Et bien parce que j'avais été frappé par une information déjà relativement ancienne où plusieurs articles mentionnaient le fait que Google était bâti sur deux milliards de lignes de code (article initial de Wired, repris notamment par Abondance). L'annonce de ce nouveau chiffre s'inscrivant dans l'imaginaire numéraire du numérique, j'ai donc essayé de "visualiser" à quoi pouvaient correspondre ces 2 milliards de lignes de code. Et de trouver des équivalents.

Donc si un ouvrage moyen compte 200 pages composées chacune de 25 lignes, "La recherche" de Proust comprendrait 46 volumes et Google en compterait 400 000.

D'où sortent ces chiffres ?

Pour Wikipédia, je me suis appuyé sur le projet de Michael Mandiberg. "Imprimer" la version anglophone de Wikipédia représenterait en effet environ 7 473 volumes de 700 pages en version papier. Soit 130 Millions de lignes (130 777 500 exactement). Au moins le double si l'on additionne les différentes versions dans différentes langues. Disons 300 millions de lignes donc. Pour notre génome, je suis parti de l'hypothèse que s'il était imprimé, il serait l'équivalent de 800 dictionnaires. Sachant que le Petit Robert fait en gros 2800 pages, cela nous donne environ 56 millions de lignes. Pour Facebook j'ai trouvé le chiffre dans cet article (qui soulève d'ailleurs le débat de savoir si la ligne de code est, ou non, la meilleure unité de mesure d'un projet informatique, mais pour les besoins de la démonstration, ben on va dire qu'en tout cas elle n'est pas moins valable que d'autres …) Pour Microsoft Windows, l'info a été donnée sur la page Facebook officielle de … Windows.
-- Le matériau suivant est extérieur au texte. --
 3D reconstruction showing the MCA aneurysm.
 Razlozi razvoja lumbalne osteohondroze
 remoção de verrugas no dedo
Pour la bibliothèque du Congrès, on sait qu'elle compte 33 millions d'ouvrages (très exactement "38 millions books and other print materials"). Pour Google donc, de l'article de Wired et de tous ceux qui ont suivi. Pour "La Recherche" de Proust c'est le camarade Dominique Cardon qui m'a filé un tuyau. Pour le code pénal et pour le code civil, j'ai récupéré les infos dans la fiche technique de l'éditeur Dalloz (code pénal, code civil).

OK, super. So what ?

Et bien d'abord une relative sensation de vertige. Vertige de la représentation. Et vertige de la représentativité. Que valent les 300 000 lignes de notre code civil et de notre code pénal face aux 2 milliards de lignes de Google ? Et que valent les 2 milliards de lignes de Google face aux 165 milliards de la bibliothèque du Congrès ?
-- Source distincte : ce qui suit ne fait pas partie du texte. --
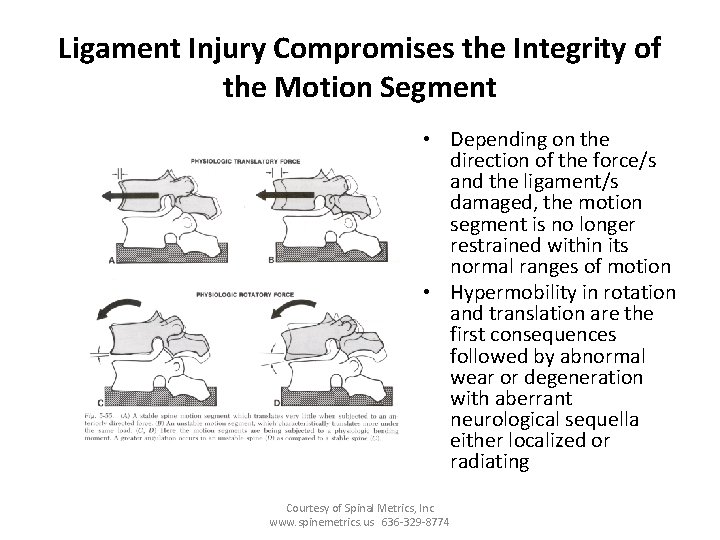 Ligament Injury Compromises the Integrity of the Motion Segment • Depending on the direction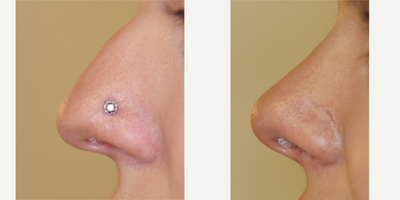 Rhinoplasty before and after photo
Ensuite un vertige de la correspondance. En millions de lignes imprimées notre génome est à peu près l'équivalent du code nécessaire au fonctionnement de Facebook ou de Microsoft Windows. Étonnant non ? En plus d'être un document, l'homme est un réseau social et un OS comme les autres …
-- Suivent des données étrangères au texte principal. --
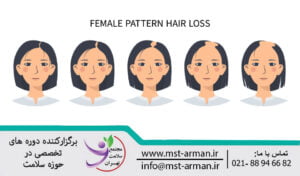 Classification of hair loss | طبقه بندی انواع ریزش مو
Et puis, aussi, un vertige des usages. Les 165 milliards de lignes de la bibliothèque du Congrès sont servies par 3200 personnes (les personnels de la bibliothèque) à 1,6 millions d'usagers par an. Sans compter bien sûr les ressources accessibles depuis le site de la bibliothèque. Ou celles dépendant d'un affichage dans les pages de résultat elles-mêmes fabriquées par une petite partie des deux milliards de lignes de Google.

165 milliards de lignes de la bibliothèque du Congrès servies par 3200 personnes à 1,6 millions d'usagers par an et en face 2 milliards de lignes de code accessibles à 25 000 ingénieurs (de chez Google) et desservant 1200 milliards de requêtes par an (100 milliards par mois).

Et Proust, bien sûr. Combien de personnes ont lu "La Recherche" ? Et qu'en ont-ils fait ?

2 milliards de lignes qui disent quoi ? Pour faire quoi ?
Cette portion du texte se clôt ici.